KUMAMOTO 18
第一白川橋梁
熊本県南阿蘇村大字立野、大津町大学外牧
震災復興のシンボルとなった
100 年の風景を受け継ぐ橋梁
昭和2年完成
国鉄初の剛製アーチ橋
第一白川橋梁は、南阿蘇鉄道高森線の立野-長陽駅間の、白川渓谷に架かる鉄道橋です。北向山原生林の中、赤茶色のアーチ橋が浮かび上がっています。
初代の橋梁が架けられたのは、昭和2年(1927)。日本国有鉄道最初の、2ヒンジスパンドレル・ブレースド・バランスドアーチと呼ばれる鋼製アーチ橋でした。水面からレール面までの高さは約62m。同じ九州の宮崎県高千穂鉄道高千穂橋梁が昭和47年(1972)に完成するまで、長きに渡って日本一の高さを誇っていました。
渓谷は、切り立った絶壁で、その険しさと深さに驚嘆させられます。
張り出し工法と
3万9,986本のリベット接合
両側の橋は谷の斜面に組まれた足場の上で架設し、中央部は足場を用いずに、両側から釣竿を伸ばすように跳ね出して行き、中央で閉合するという、日本で最初に用いられた「張り出し工法」で架けられました。部材はリベットで接合され、その数は3万9,986本にものぼりました。
鉄道省時代の技術陣の革新と意気込みが感じられるその姿は、残された数少ない戦前の橋梁として、時代を越えて人びとを魅了してきました。
色、形はそのままに
耐震性を備え蘇った橋梁
しかし、平成28年(2016)4月に発生した熊本地震によって、南阿蘇鉄道も甚大な被害を受けます。第一白川橋梁は、多くの部材が座屈、変形、破断を起こし、撤去、架け替えを余儀なくされました。

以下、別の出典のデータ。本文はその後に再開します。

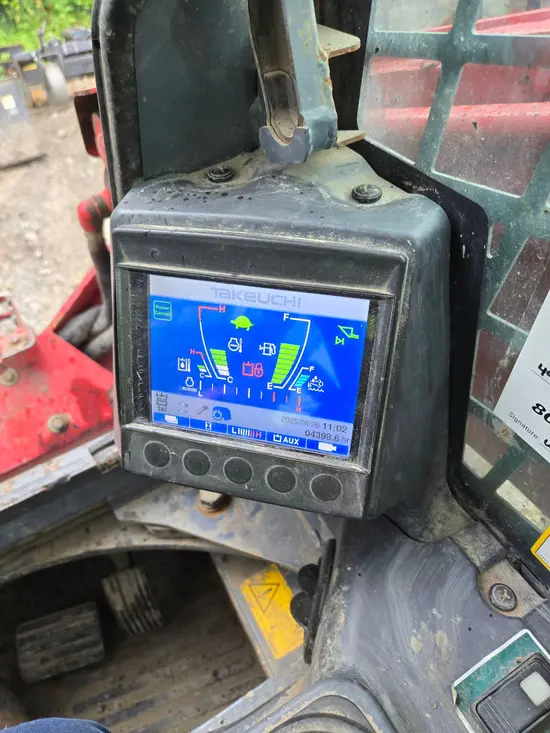 2018 Takeuchi TL12R2-CR Track Loader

解体は、地盤の歪み、変形による未知の引重力と衝撃的な変位の可能性がある難工事となりました。初代の形や色、稀少な2 ヒンジスパンドレル・ブレースド・バランスドアーチの構造を受け継ぎながら、耐震構造や強度、安全性を向上させた設計、施工のもと、震災から7年経った令和5年(2023)3月、新しい第一白川橋梁が完成しました。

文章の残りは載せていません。